Miquel Marti I Pol 1929 - 2003



L'hôte insolite


Je ne dilapiderai pas le silence. Mon corps
j'en connais les parages et les raccourcis
et j'en aime les éclats et les défaillances ;
je ne l'habite pas par plaisir mais il me suffit.

Je ne dilapiderai ni le silence ni l'espace
lourd de mon corps et des projets
démesurés qui me peuplent et m'exaltent.
De mes doigts gourds de palper les mémoires
j'adhère à toutes sortes de projets
de joie et d'espérance.



Profonde et claire,
la voix qui me répète proclame la vie.

Je ne dis pas ce que nous avons perdu.
Tu sais cela aussi bien que moi, ces vermisseaux
insistants et résolus, te le répètent
si tu prends la peine de tendre l'oreille.

Mais je te dirai ce que nous avons gagné :
un arpent de monde, concret, localisable,
et un prisme de couleurs pour le contempler.

Ferme les yeux et tu le verras comme je le vois.

Je ne dirai pas ce qu'il y a sous chaque mot.
Il a déjà plu et ce qui reste de l'après-midi
sera plus intime et plus clair.

Fuyons toute verbosité.
Disons seulement l'essentiel :
les mots grandir et aimer, et le nom
le plus utile et le plus simple de chaque chose.

Délimite mon espace, mais n'attends pas
que je renonce à ce que j'aime.

Regarde le vent prendre la forme des bégonias,
regarde-le nettoyer vitres et rideaux
aiguiser les angles vifs du crépuscule.

J'ai une pierre dans les mains.

Chaque nuit
elle tombe dans le puits profond du sommeil
au matin, je la retire, trempée de vie.

Je ne garde rien qui appelle la mémoire
du vent exaspéré et des noms du silence.
Je viens d'une longue saison de pluies sur la mer
calme des années, rien ne me pousse à me retourner.

Tu me connais, ne suis-je pas celui qui aime
la vie pleinement et par-dessus toute richesse,
l'extase et le tourment, le feu et la question.

À l'appel de la vie, je vis, et pose ma main
à plat sur ce ponant que le ponant magnifie.

Le sang coule solennellement en chaque chose.
Désormais tout est chemin.
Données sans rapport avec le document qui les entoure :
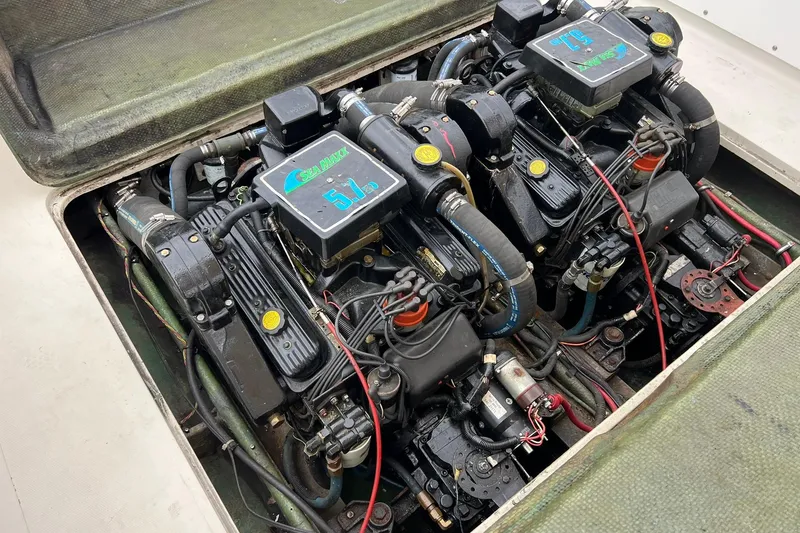 Slide: The Image of Twin Sea Maxx engines in a 1970 Bertram 25 Moppie boat, detailed view. - 37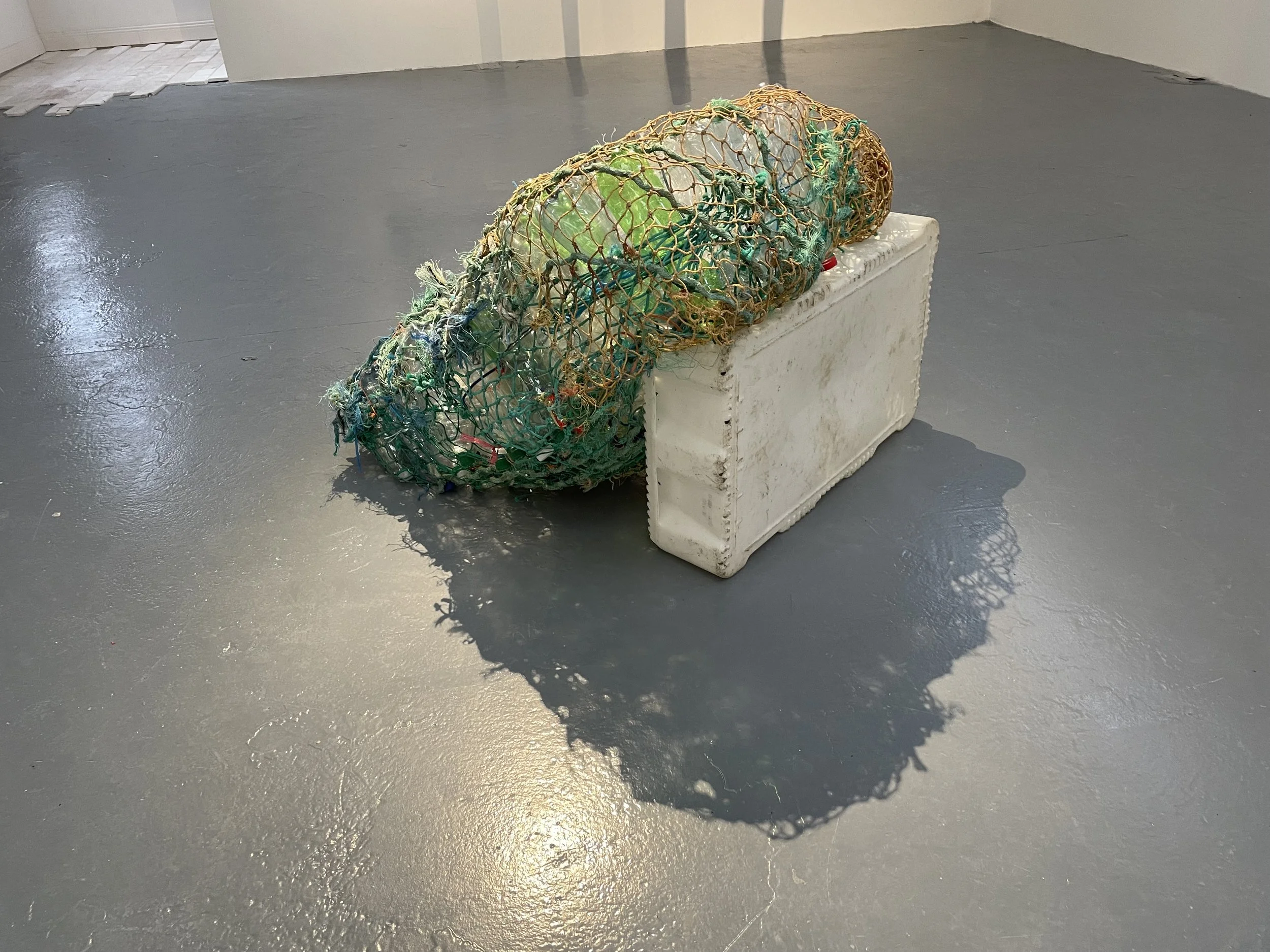 Raft 1, 2021.
Founds sea rope, commercial fishing net, citrus netting, and bottles collected from the  BCA community
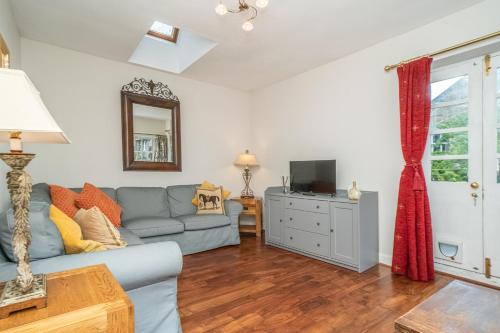 a living room with a couch and a television at New Town Cottage in Edinburgh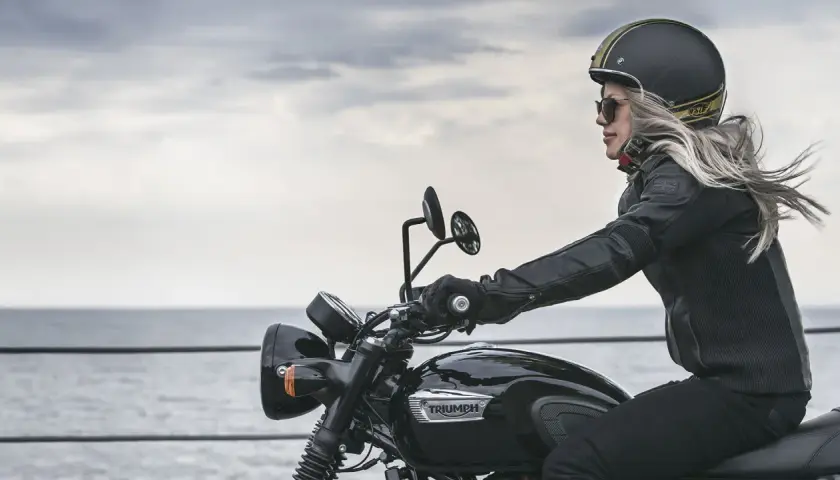 Mujer rubia en moto Triumph negra, con casco y chaqueta de cuero, disfrutando del paisaje. Las motos Triumph se fabrican con pasión.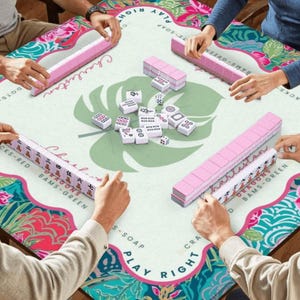 May include: A group of people playing Mahjong on a table with a floral design. The table has a light green background with a large leaf design in the center. Pink tiles and racks are visible, with the word "Charleston" printed on the table.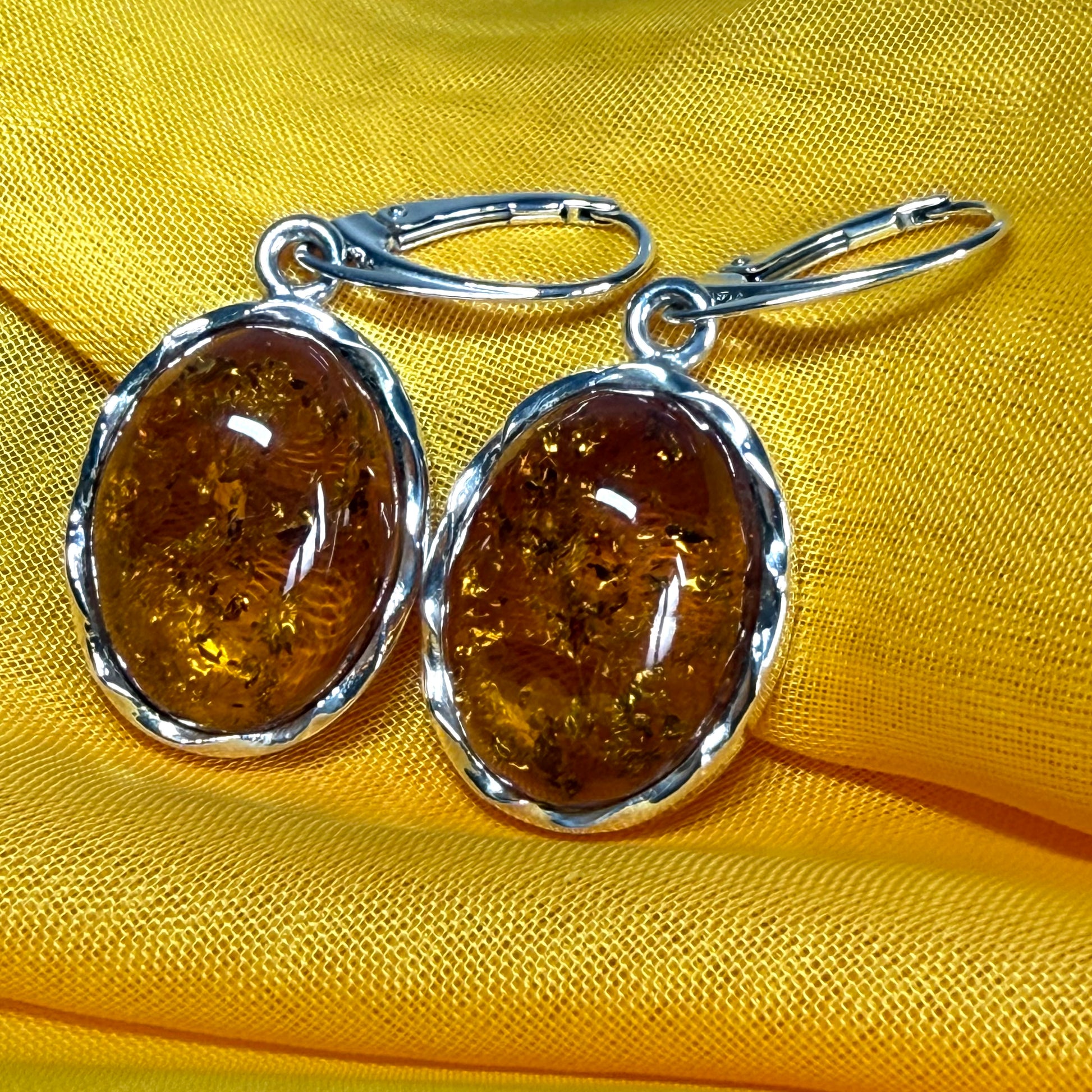 A pair of real amber drop earrings oval in shape sterling silver continental wire fittings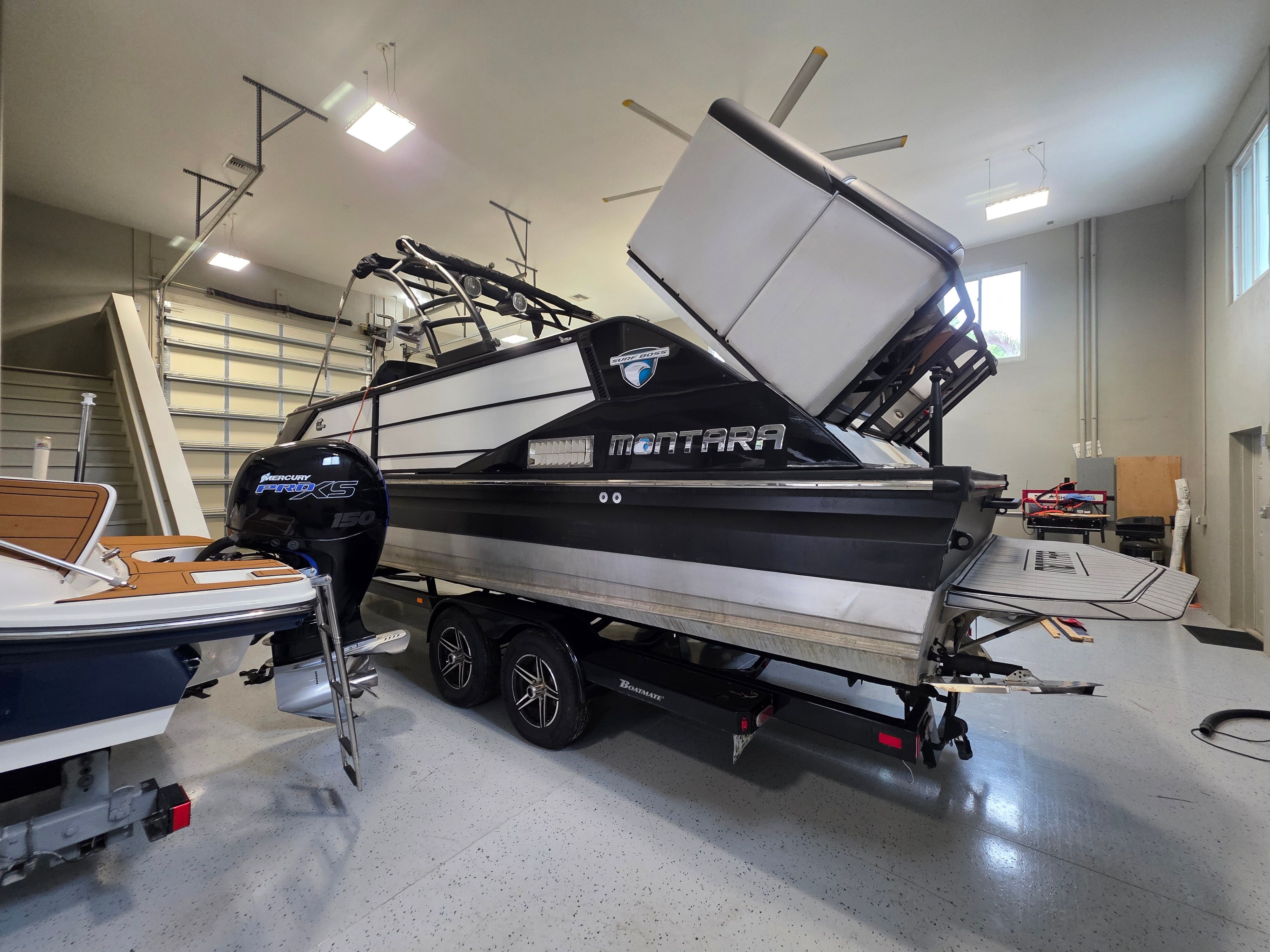 2021 Montara SURF BOSS 25 boat in a garage.
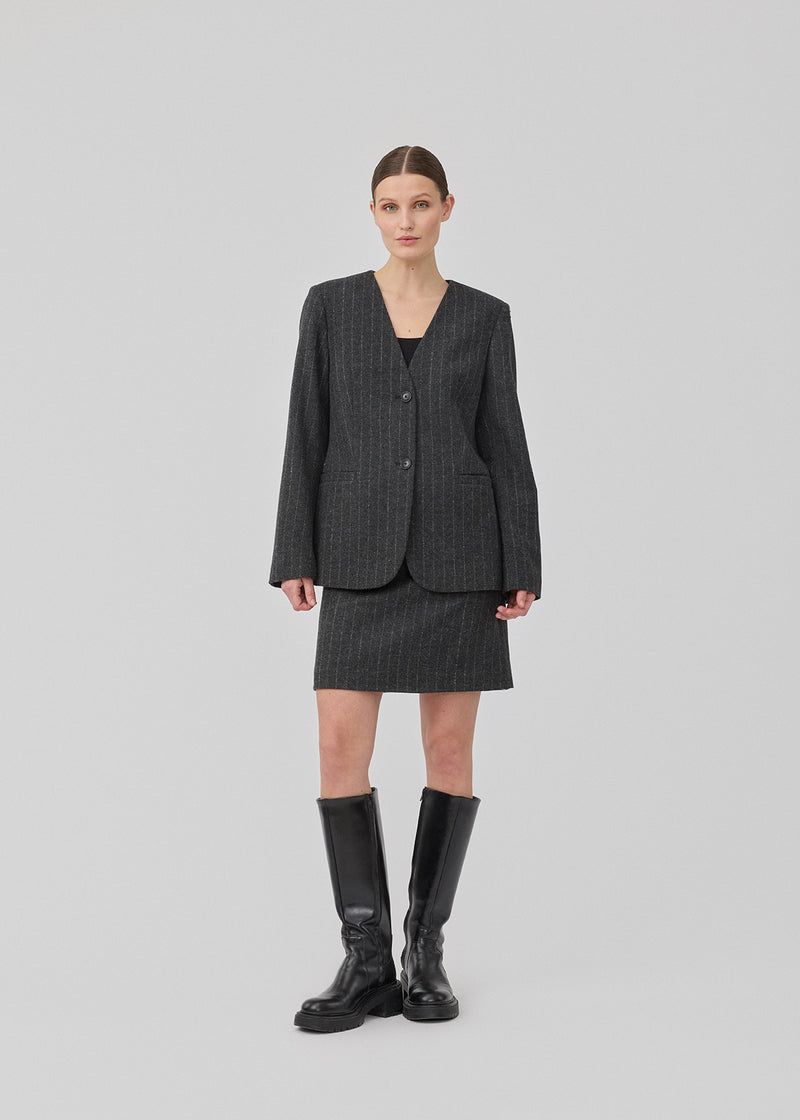 Short dark grey skirt in a pinstriped wool mix. KristolMD skirt has lining and an invisible zipper in the side.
Je jure de vivre.
Tous deux ne faisons plus qu'une seule
colonne de clarté, je pense à l'urgente
nécessité de combattre les mirages,
d'abandonner la plage des heures
où le soleil de plomb tombe sur le sable
annihile les volontés, d'établir de nouveaux chemins, jalonnés de présages.

À présent, ce risque est tentant.

Nul besoin
de spectateurs furtifs, de gens qui approuvent
chaque geste et en souligne l'habileté.
Nous coupons le pain à chaque instant.

Inoffensifs
et téméraires, nous aimerons la vie
qui se transforme et se parfait, noble
et lente, noble et obstinée.

Nous irons très loin, enchaînés au pur hasard
des horizons qui jamais ne ferment
à clé la stimulation du paysage.



(Miquel Marti I Pol)

SAUVEZ MES YEUX

Lorsque j'aurai tout perdu sauvez mes yeux,

sauvez mon regard, qu'il ne se perde point !

C'est la seule chose que je regretterai

car le brin de vie qu'il me reste encore

provient de mes yeux, je vis à travers eux

adossé à un grand mur qui s'écroule.

Par les yeux je connais, aime, crois, et sais,

je veux sentir, toucher, écrire, et grandir

jusqu'à la hauteur magique du geste,

au moment où le geste ronge ma vie ;

en chaque mot il faut sentir le poids

de ce corps très lourd qui ne m'obéit plus.

Par les yeux je me reconnais, je me touche,

je vais et je viens dans l'architecture

de moi-même, en un effort tenace

pour rechercher la vie et l'épuiser.

Par les yeux je sors boire la lumière,

avaler le monde, aimer les filles,

déchaîner le vent et calmer la mer,

me brûler de soleil et m'enduire de pluie.

Lorsque j'aurai tout perdu sauvez mes yeux.

Disparu, je ne vivrai que par le regard.

Miquel Martí i Pol
dans Joie de la parole, traduit
du catalan par Patrick Gifreu,
Éditions La Difference, Paris, 1993.